● WORK INSTRUCTIONS
Only the lines from the one containing "Re:monster Chapter 58" through the end of the listing are to be repeated, exactly and without pictures.

-- RECORDS SUPPLIED follows --

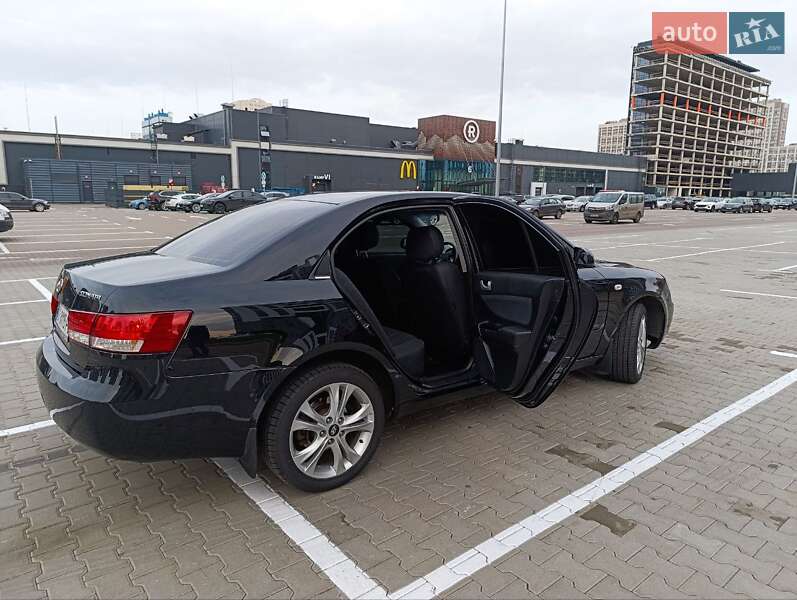 Седан Hyundai Sonata 2007 в Киеве фото 15 Седан Hyundai Sonata 2007 в Киеве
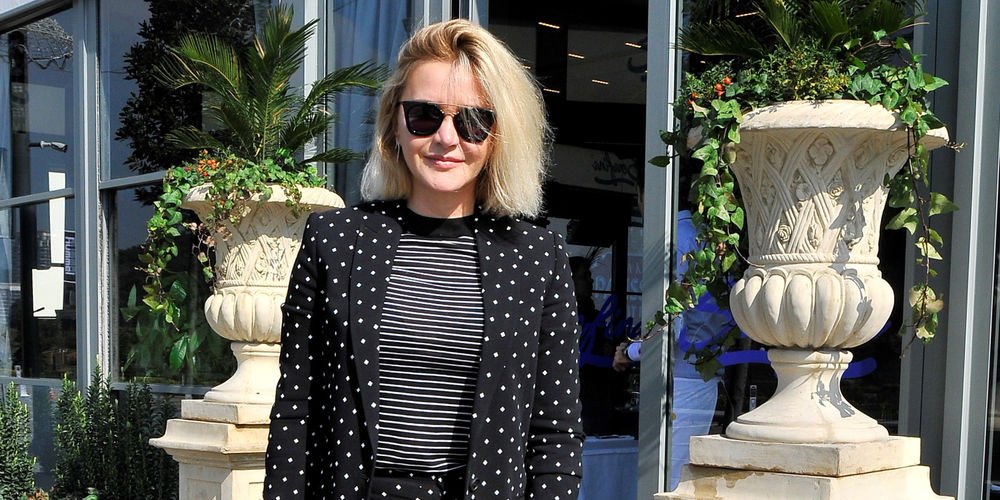 Güneşli havanın tadını çıkardı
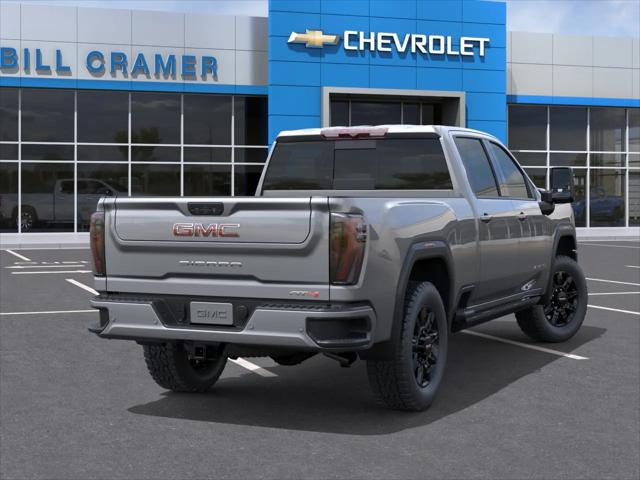 2026 GMC Sierra 3500HD Crew Cab, Long Bed, AT4, 4WD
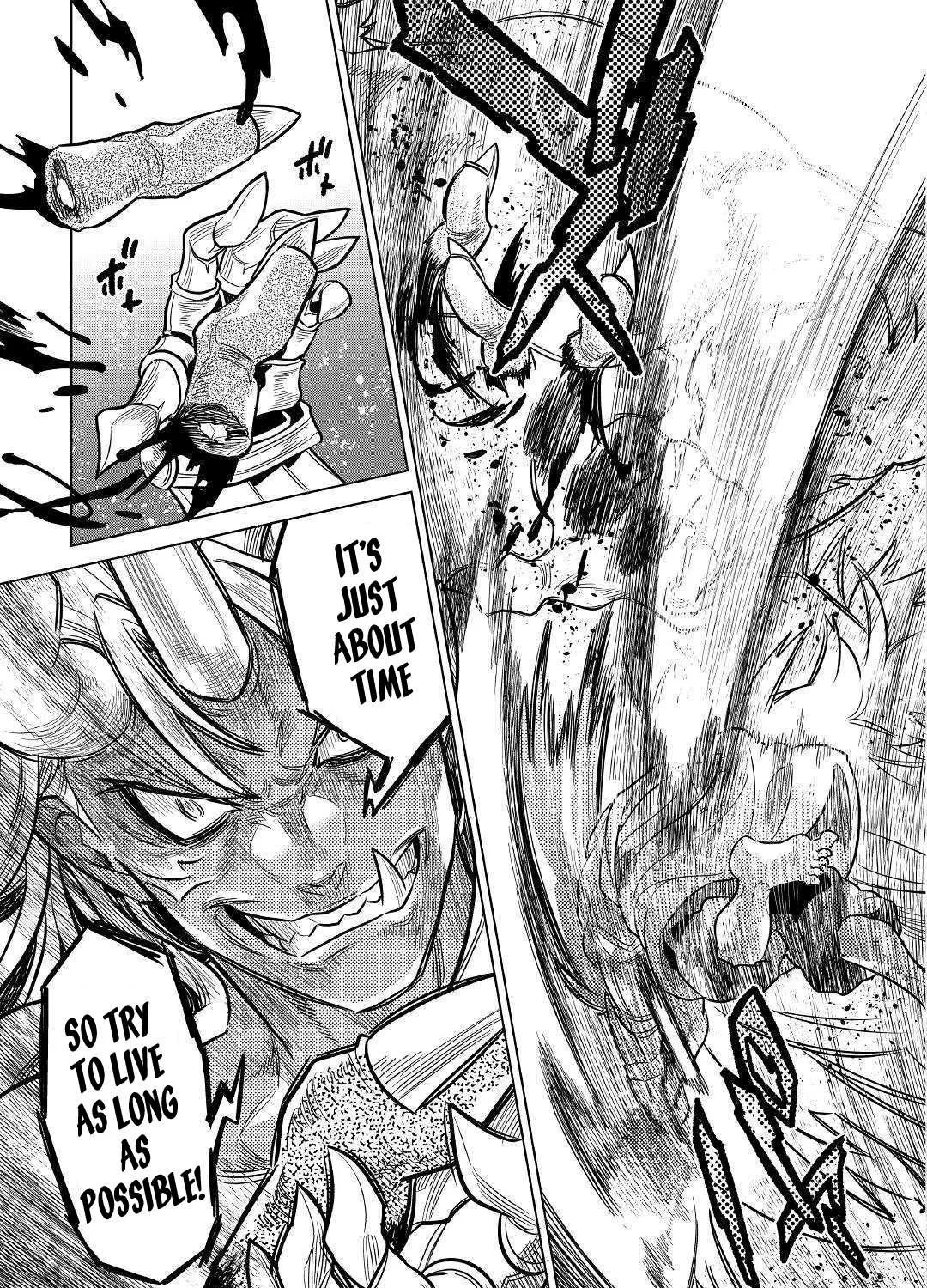 Re:monster Chapter 58 page 22 - 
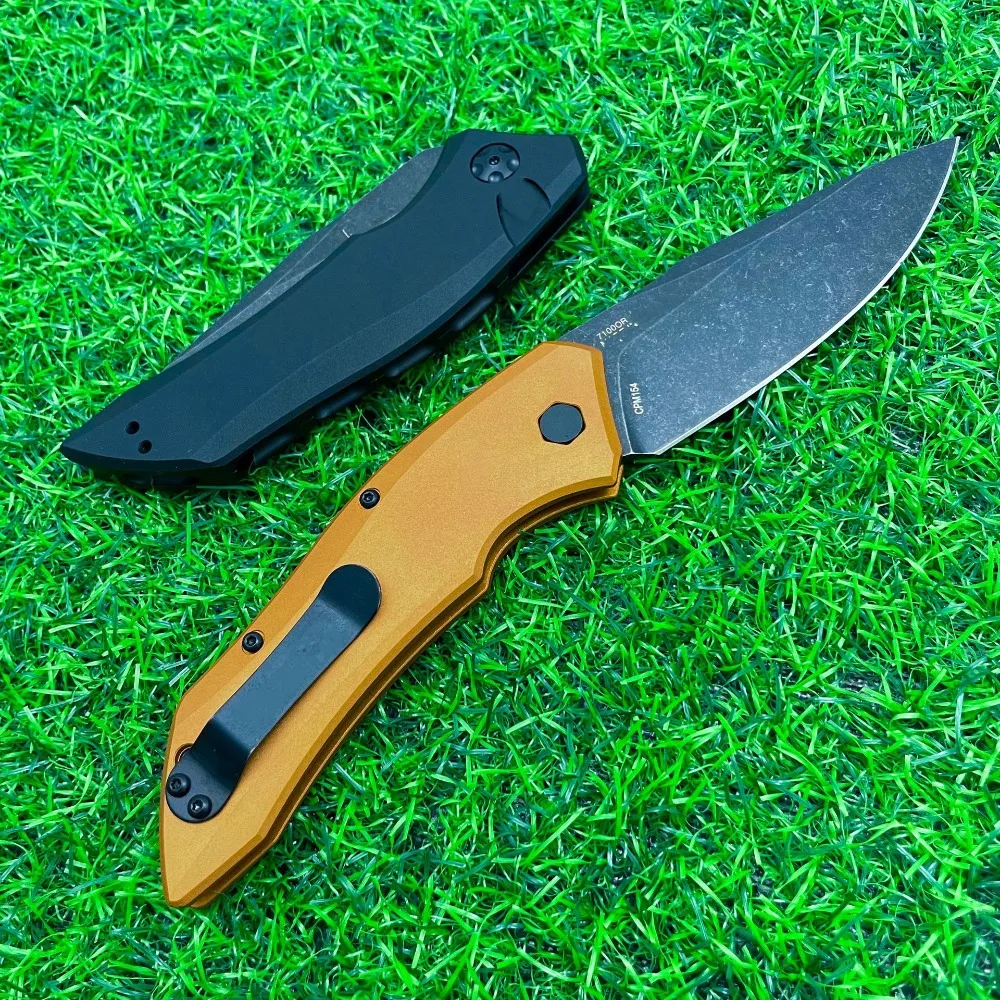 KS7100 다기능 접이식 나이프 아웃도어 커팅 툴 자가 방어용 EDC 포켓 나이프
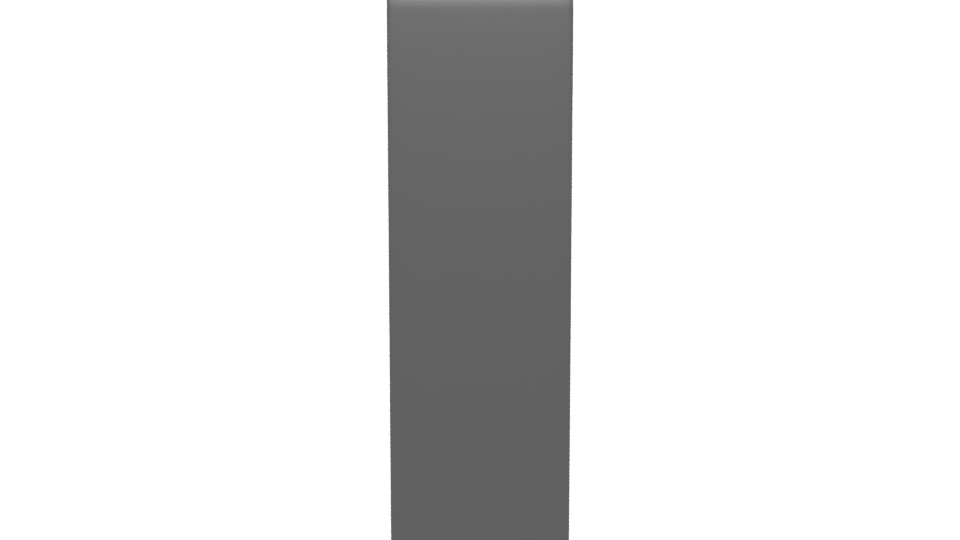 Sleek Modern Refrigerator 3D Model - Professional 3D Model Render 5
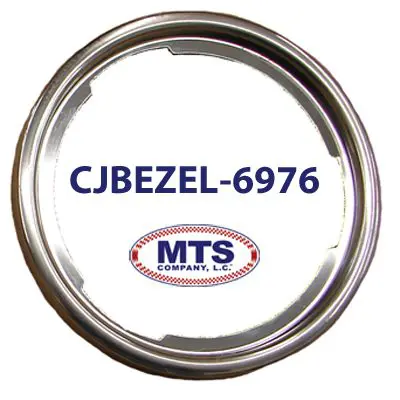 1969-1976 1/2 Jeep CJ Stainless Steel Parking Light Bezels-cjbezel-6976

-- RECORDS SUPPLIED concluded --

● EXERCISE SOLUTION
 Re:monster Chapter 58 page 22 - 
 KS7100 다기능 접이식 나이프 아웃도어 커팅 툴 자가 방어용 EDC 포켓 나이프
 Sleek Modern Refrigerator 3D Model - Professional 3D Model Render 5
 1969-1976 1/2 Jeep CJ Stainless Steel Parking Light Bezels-cjbezel-6976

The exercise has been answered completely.